We were interested in the fold-change of each D. virilis gene across the four samples, rather than the absolute abundance of any particular gene. Therefore, after mapping and gene quantification, we normalized the abundance $$A_{ij}$$ of every gene $$i$$ across the $$j=4$$ samples by a weighted average of the quantity $$Q_j$$ of D. virilis in sample $$j$$, as show in equation \ref{eqn:norm}. Thus, within a given gene, a linear fit of $$\hat{A}_{ij}$$ vs $$Q_j$$ should have a slope of one and an intercept of zero.

$\label{eqn:norm} \hat{A}_{ij} = A_{ij} \div \frac{\sum_j Q_j A_{ij}}{\sum_j (Q_j)^2}$

We filtered the D. virilis genes for those with at least 20 mapped fragments in the sample with 20% D. virilis, then calculated an independent linear regression for each of those genes. As expected, for every protocol, the mean slope was 1 ($$t$$-test, $$p<5\times10^{-7}$$ for all protocols). Similarly, the average intercepts for all protocols was 0 ($$t$$-test, $$p<5\times10^{-7}$$ for all protocols). Also unsurprisingly, the TruSeq protocol had a noticeably higher mean correlation coefficient ($$0.98 \pm 0.02$$) than any of the other protocols ($$0.95 \pm 0.06$$, $$0.92\pm0.09$$, and $$0.95 \pm 0.06$$ for Clontech, TotalScript, and SMART-seq2, respectively). The mean correlation coefficient was statistically and practically indistinguishable between the Clontech samples and the SMART-seq2 samples ($$t$$-test $$p = .11$$, Figure \ref{fig:fithists}).

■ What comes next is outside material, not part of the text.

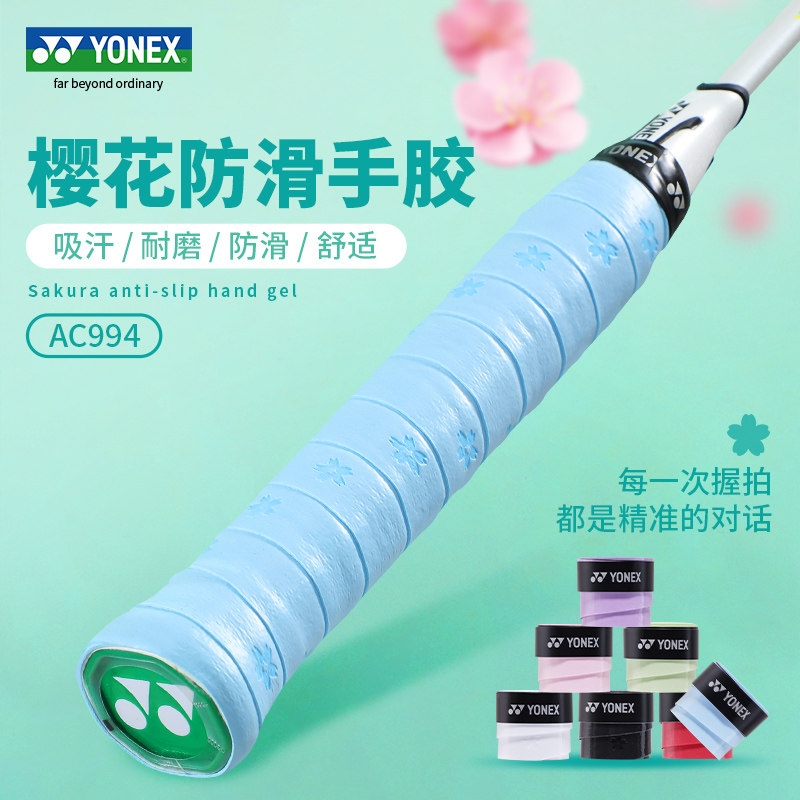 YONEX桃田限定T恤-YONEX桃田限定T恤促销价格、YONEX桃田限定T恤品牌- 淘宝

Indeed, the only major differentiator we could find between the low-volume protocols we measured was cost. For only a handful of libraries, the kit-based all inclusive model of the Clontech and TotalScript kits could be a significant benefit, allowing the purchase of only as much of the reagents as required. By contrast, the Smart-seq2 protocol requires the a la carte purchase of a number of reagents, some of which are not available or more expensive per unit for smaller quantities. Furthermore, there could potentially be a “hot dogs and buns” problem, where reagents are sold in non-integer multiples of each other, leading to leftovers. Many of these reagents are not single-purpose, however, so leftovers could in principle be repurposed in other experiments.